Functional paragraphs - haskell

Sorry I don't quite get FP yet, I want to split a sequence of lines into a sequence of sequences of lines, assuming an empty line as paragraph division, I could do it in python like this:
def get_paraghraps(lines):
paragraphs = []
paragraph = []
for line in lines:
if line == "": # I know it could also be "if line:"
paragraphs.append(paragraph)
paragraph = []
else:
paragraph.append(line)
return paragraphs
How would you go about doing it in Erlang or Haskell?

I'm only a beginning Haskell programmer (and the little Haskell I learnt was 5 years ago), but for a start, I'd write the natural translation of your function, with the accumulator ("the current paragraph") being passed around (I've added types, just for clarity):
type Line = String
type Para = [Line]
-- Takes a list of lines, and returns a list of paragraphs
paragraphs :: [Line] -> [Para]
paragraphs ls = paragraphs2 ls []
-- Helper function: takes a list of lines, and the "current paragraph"
paragraphs2 :: [Line] -> Para -> [Para]
paragraphs2 [] para = [para]
paragraphs2 ("":ls) para = para : (paragraphs2 ls [])
paragraphs2 (l:ls) para = paragraphs2 ls (para++[l])
This works:
*Main> paragraphs ["Line 1", "Line 2", "", "Line 3", "Line 4"]
[["Line 1","Line 2"],["Line 3","Line 4"]]
So that's a solution. But then, Haskell experience suggests that there are almost always library functions for doing things like this :) One related function is called groupBy, and it almost works:
paragraphs3 :: [Line] -> [Para]
paragraphs3 ls = groupBy (\x y -> y /= "") ls
*Main> paragraphs3 ["Line 1", "Line 2", "", "Line 3", "Line 4"]
[["Line 1","Line 2"],["","Line 3","Line 4"]]
Oops.

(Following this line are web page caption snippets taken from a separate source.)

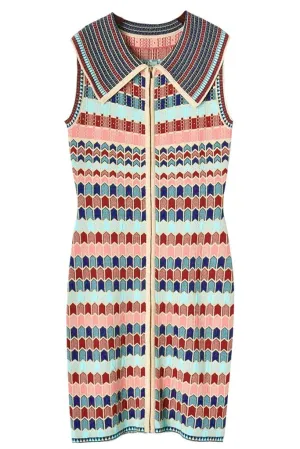 Bronte Retro Sleeveless Knit Dress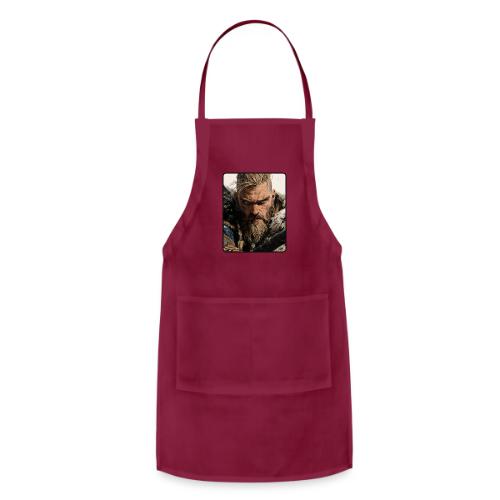 Fierce Viking Warrior Portrait - Adjustable Apron
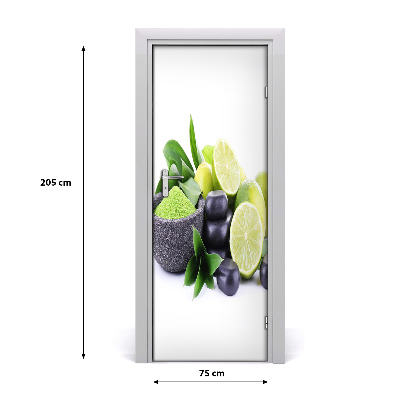 Fototapeta na dveře samolepící citrusy a kamení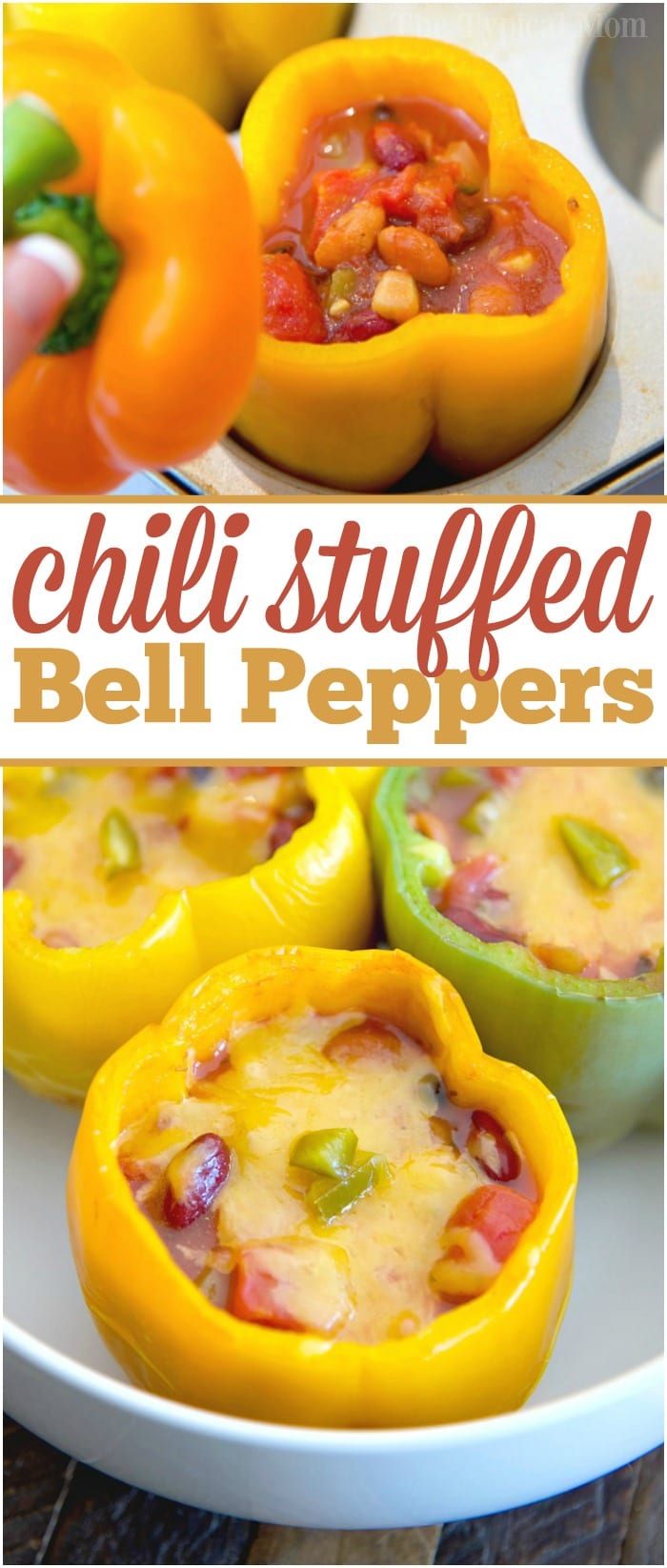 Leftover Chili Stuffed Bell Peppers - Leftover Chili Recipe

What we really need is a "splitBy", and it's not in the libraries, but we can filter out the bad ones ourselves:
paragraphs4 :: [Line] -> [Para]
paragraphs4 ls = map (filter (/= "")) (groupBy (\x y -> y /= "") ls)
or, if you want to be cool, you can get rid of the argument and do it the pointless way:
paragraphs5 = map (filter (/= "")) . groupBy (\x y -> y /= "")
I'm sure there is an even shorter way. :-)
Edit: ephemient points out that (not . null) is cleaner than (/= ""). So we can write
paragraphs = map (filter $ not . null) . groupBy (const $ not . null)
The repeated (not . null) is a strong indication that we really should abstract this out into a function, and this is what the Data.List.Split module does, as pointed out in the answer below.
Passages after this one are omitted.